Since 2014, Hummel and her team have made regular visits to the remote communities of Vietnam’s far northwest in Son La with supplies for a community left behind by the nation’s fast growth.
Their main donations are supplies for the state schools. While the schools theoretically take students through the national curriculum, resources are slim for teachers and students alike.
“A teacher will get something like one pack of pens, one ream of paper, one box of chalk for the whole year,” says Hummel.
Nada Louw, president of Sprouts, said the schools were little more than a hollow building. She recalled one school that had 175 students but no toilet.
These students, however, are the lucky ones as many don’t have the chance to study. Separated from the state safety net provided at the schools, the ones not at school are the hardest to reach. Hummel said Sprouts does their best to give these children warm clothing for the harsh winters in the mountains.
She recalled one time she was temporarily forced to turn away a group of siblings who tried to get blankets with the students.
“The kids were lining up there in the cold shivering with just flip-flops on… but we only had enough blankets for the kids in school,” says Hummel.
After finding the children some blankets, Hummel asked the girl leading the children where they had come from.
“One little girl walked 25km from her home town, with her little brother on her back. She had to leave school at age nine years old to help her parents out in the fields, and she said every day she dreams of going to school,” says Hummel.
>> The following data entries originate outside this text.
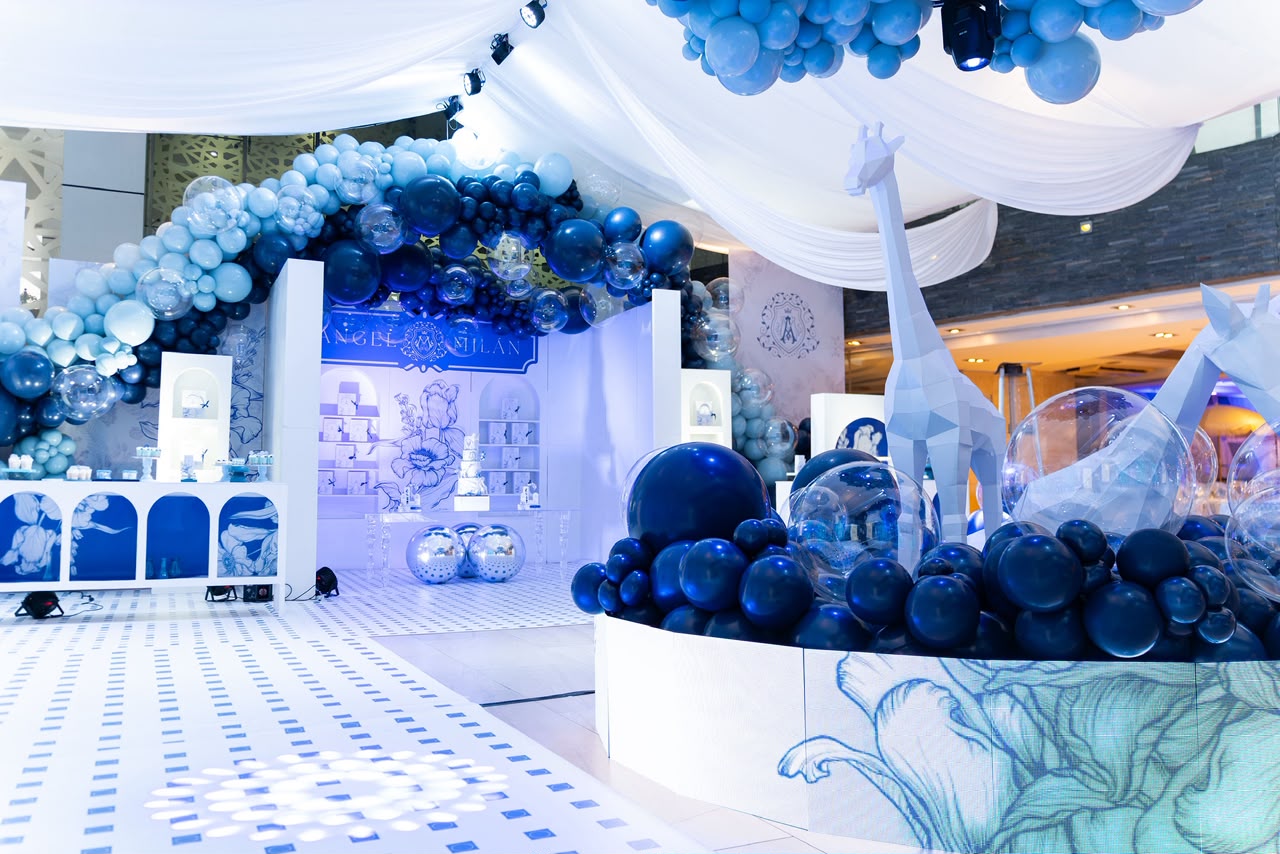Bautizo Ángel Milán, ambientación en tonos azules con arco de globos, jirafas de papel y esferas espejadas
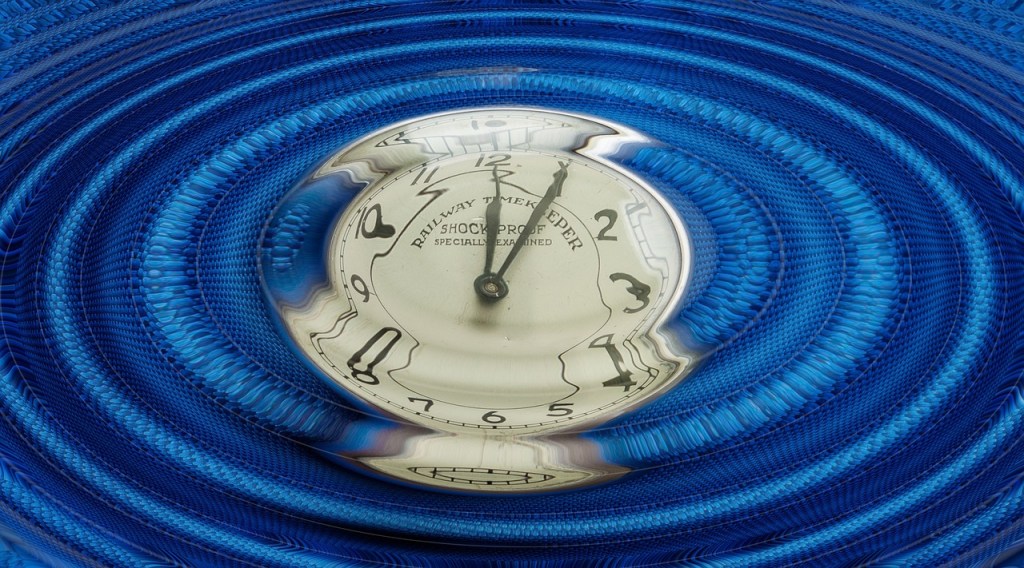 Clock submerged under blue ripples of sound
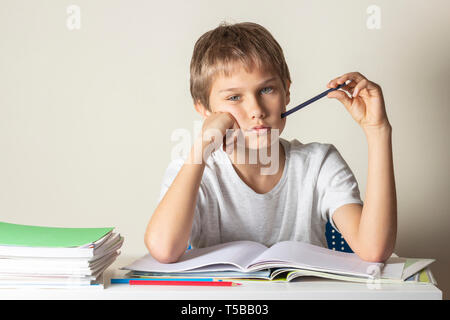 Traurig müde Junge Hausaufgaben machen. Bildung, Schule, Lernschwierigkeiten Konzept. Stockfoto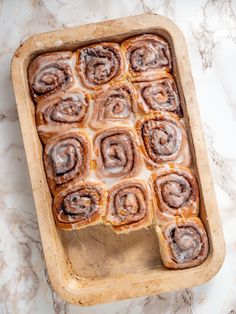 cinnamon rolls sitting in a baking pan on a marble counter top, ready to be baked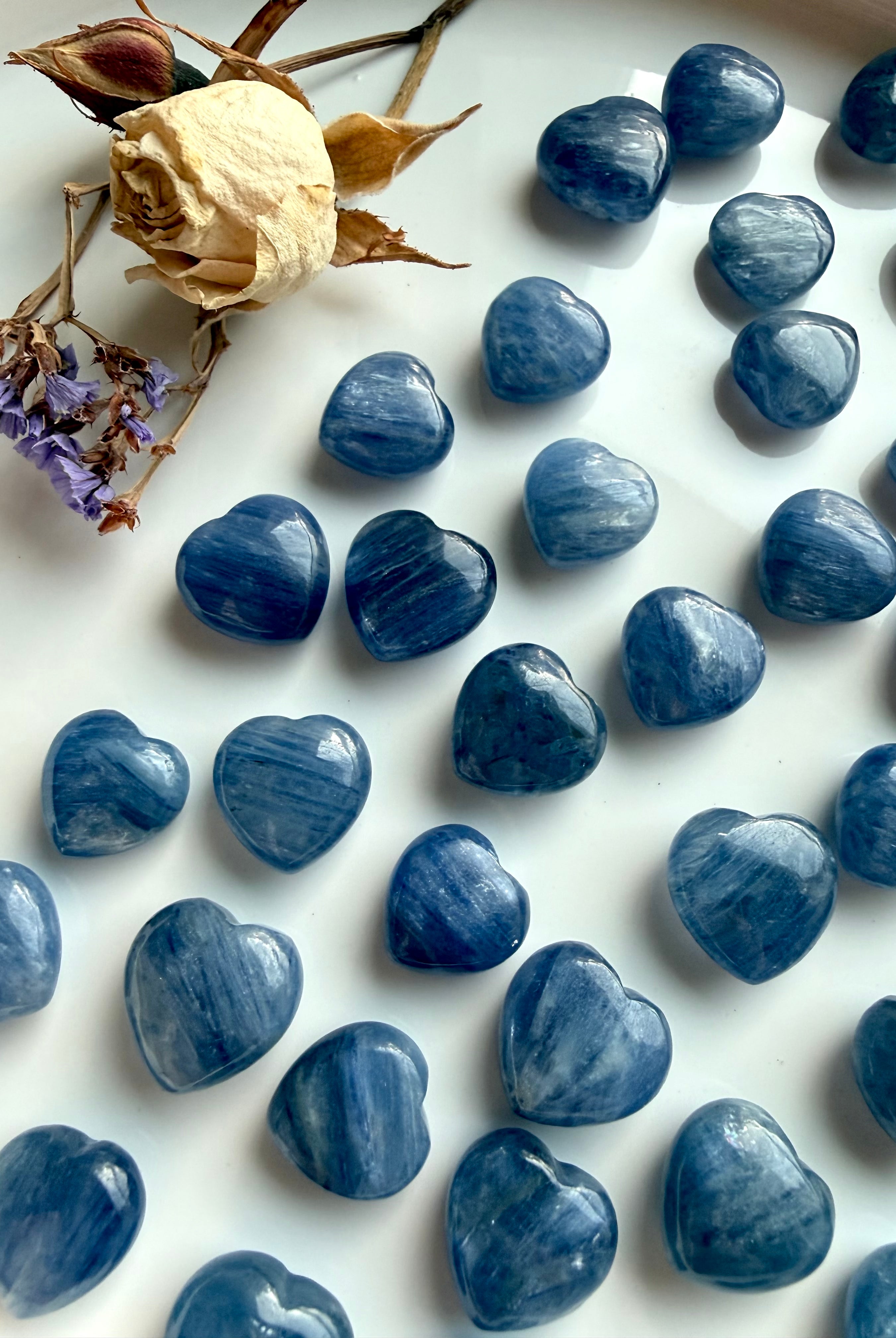Assorted mini Blue Kyanite crystal hearts in various sizes with natural variation in color, shimmer and inclusions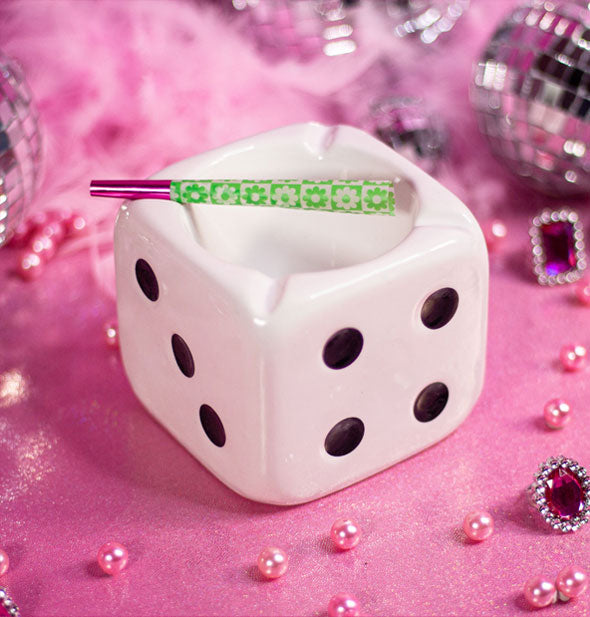 White ceramic cube-shaped ashtray designed to resemble a playing die with black "pips" holds a green and pink rolled cigarette and rests on a pink surface sprinkled with pink pearls, gemstones, and disco balls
Working with limited resources, Offner says they did their best to at least supply the schools while helping other children as far as they were able.
“We’re going to help the kids, we know we can at least help the ones in school, and if we can help some of the others, we will,” she says.
Sprouts relies on donations from Hanoi — they are currently trying to collect 750 jackets in a drive. All clothing items are accepted, with what they can’t donate being sold on the streets to raise funds.
Time and energy is also accepted, with volunteers with knitting skills encouraged to make winter hats.
“It’s not just money we’re looking for. If they don’t have the money they can use their skills,” explains Offner.
“Some people have time, some people have skills, and some people have money,” she says.
Trips, however, will become increasingly difficult. With the mine closed, the volunteers won’t be able to sleep in the mine facilities, and roads will fall into disrepair, leaving the communities more isolated than ever.
More crucially, the villages have now lost all their non-farming jobs.
“Life was getting better, now it’s all being taken away,” says Offner.